Social media platforms are a space for expression to lend a voice, to establish an outlet to others, and create connections that are not bound by physical proximity. As it serves a pursuit to form communities social media can also be a tricky space to navigate. Nine squares on Instagram or 140 characters on Twitter give a quick, isolated glance into one’s curated world, which can be “make or break”. So often we carefully ponder what to put out into this space, taking into consideration if it is on brand and speaks to our platform. This can be a heavy and difficult task that creates insecurities and stress. Do we play it safe or express something that could be viewed as inconsistent. More times than not most of us will, myself included, proceed on the side of caution and stick to the “script” we have worked to establish.
As I’ve listened and reflected on the words of Maya Angelo spoken yesterday by Ilhan Omar, I find myself uncomfortable with being comfortable in the social media environment of approval and “likes”. I’ve allowed my expression of thoughts to develop into complacency in an effort to achieve a level of acceptance. Round and round I have debated in my head today if it is inappropriate to diverge from my social media lane and speak my mind. Throwing caution to the wind is terrifying, but silencing one’s inner conscience is exhausting.
Self doubt has held me back from allowing my voice to rise up. I’ve written and deleted several versions of this post in fear of rejection. I worry that “rocking the boat” will take away from my message of health and wellness, have been riddled with waves of anxiousness deep within me from not supporting this courageous women as she speaks out of love and resistance to hatred. I’ve ridden the status quo line in this space promoting things I am passionate about, but if I am truly honest with myself many of my contributions have been one dimensional and only scratched the surface to not anger those that take time to engage with me. In my heart of hearts I know I could do better, I could dig deeper, and take more risks. By holding back my platform is pretty fluffy and gentle, not fully encompass all that I am or exhibit the best qualities that it could. I have not spoken up when I see injustice, have supported individuals fighting causes that I believe but from a safe distance on the sidelines, I have not essentially allowed myself to go out on a limb…to take a chance to be rebuffed within the social media space by speaking out in a bold, direct, fashion about controversial topics.
I teach my children to stand up for the underdog and to always do what is right even if it’s unpopular, but I’ve been a hypocrite. I’m angered and disgusted by the treatment and disrespect directed at Representatives Ayanna Pressley (Mass.), Rashida Tlaib (Mich.), Alexandria Ocasio-Cortez (N.Y.) and Ilhan Omar (Minn.) by our President. Representative Omar should not have to rise up to weather this storm alone. For too long we as Americans have been tearing each other to shreds and allowing hate to fester, ultimately dividing us. I hope that put in a position where such repulsive behavior is being displayed my children would speak up and support love not hate in a way that is graceful and dignified as Rep Omar did yesterday. We all know how the saying goes though “actions speak louder than words”…so I can hope my children would act or I can pave the way for them to do so with the biggest bull horn I have at my disposal.

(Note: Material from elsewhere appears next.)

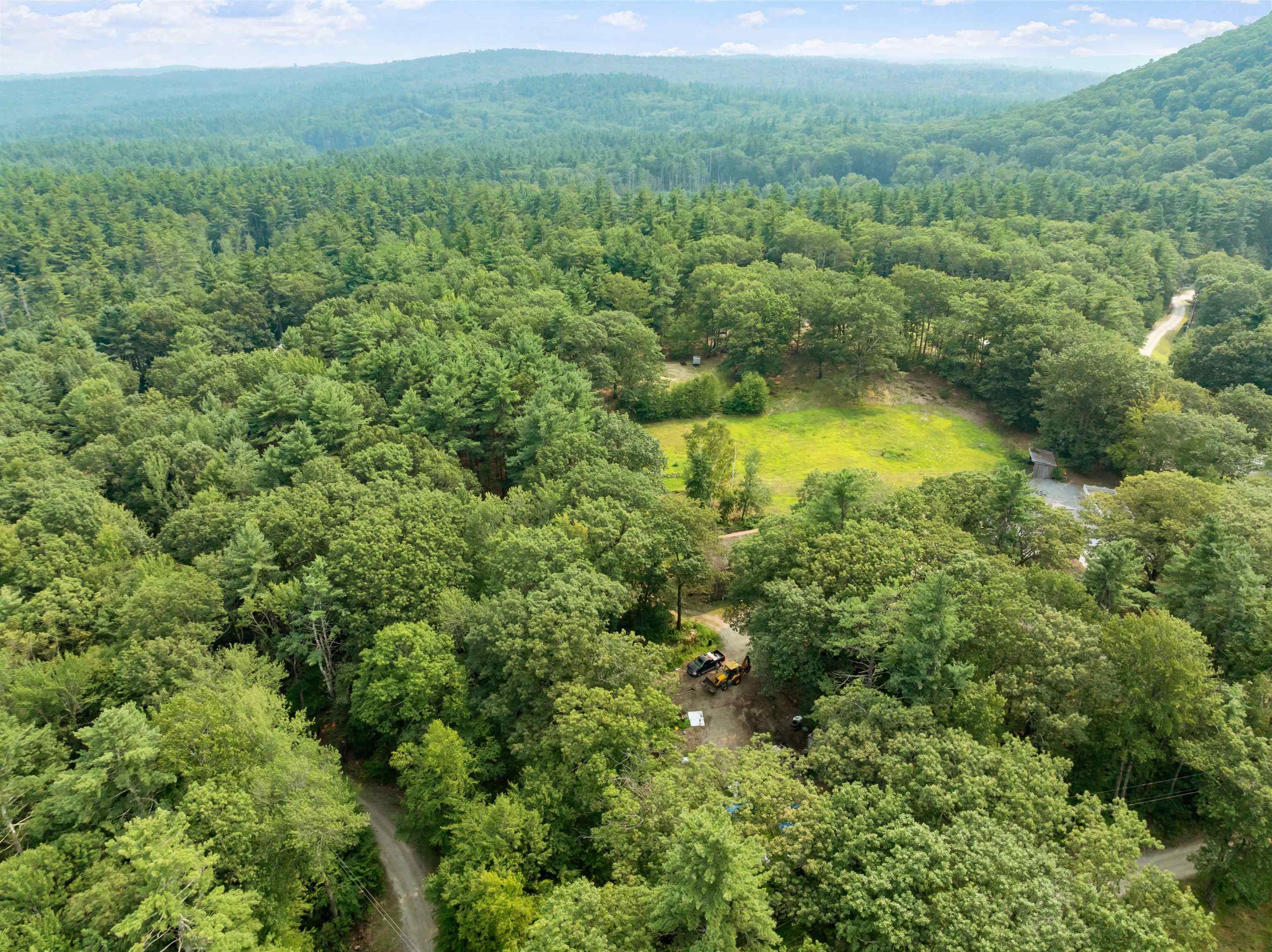 119 Laurel Lane Property Photo 56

So I will lead by example and stand in resistance through my tiny little sliver of space in the vast entity that is social media to support Representative Omar. I am well aware that my platform is small, but that is truly not the point. I need to put on my big girl pants and face my fear of poking the hornets nest. Support in silence on the sidelines isn’t good enough anymore if we want to step into our most powerful selves. We are a Nation of love, I truly believe that but that is a whisper right now and needs a little volume.
Voicing my thoughts on political matters may not be on brand with my message of health, wellness, self-love, and recovery, and I am well aware that it may make me unpopular or causes individuals to unfollow me. Why have a platform at all if it isn’t going to be being utilized to its full potential. I am being honest this space is important to me. It has helped me to open up about my eating disorder and more towards healing. I am not sure how I would feel if it disappeared, but I am not living my truth or expressing myself fully by remaining quiet. As individuals we must speak up, be bold, brave, and challenge ourselves to do scary things so we can grow. If we remain silent hatred will become the norm and that is not a world I want my children or anyone for that matter to struggle in.
I challenge you to dig deep for the strength to speak up and support those that are fighting to make this world a better place. We can move mountains when we support one another. Whether you are coming from a platform with tons of followers or a corner of the world that nobodies ever heard of – YOUR VOICE MATTERS & YOU BELONG IN THE CONVERSATION. Big or small gestures of kindness, support, and love are important…now more than ever!
*Hard to believe that this conversation started in my head because I was struggling with whether or not to post a picture with the words “I Stand with Ilhan”. Reality checks can sneak up on your like that. I was so caught up in what other people would think of the picture, that I failed to recognize that I was diminishing my ability to fully step into my own power and disengage from the opinions of others. I have been working really hard to stop focusing on what other people think of me and waiting for their approval. One does not change their people pleasing ways overnight. I will gladly remain a work in progress as long as there is progress. Not everyone will understand my journey and that is alright, it is mine to traverse not their’s.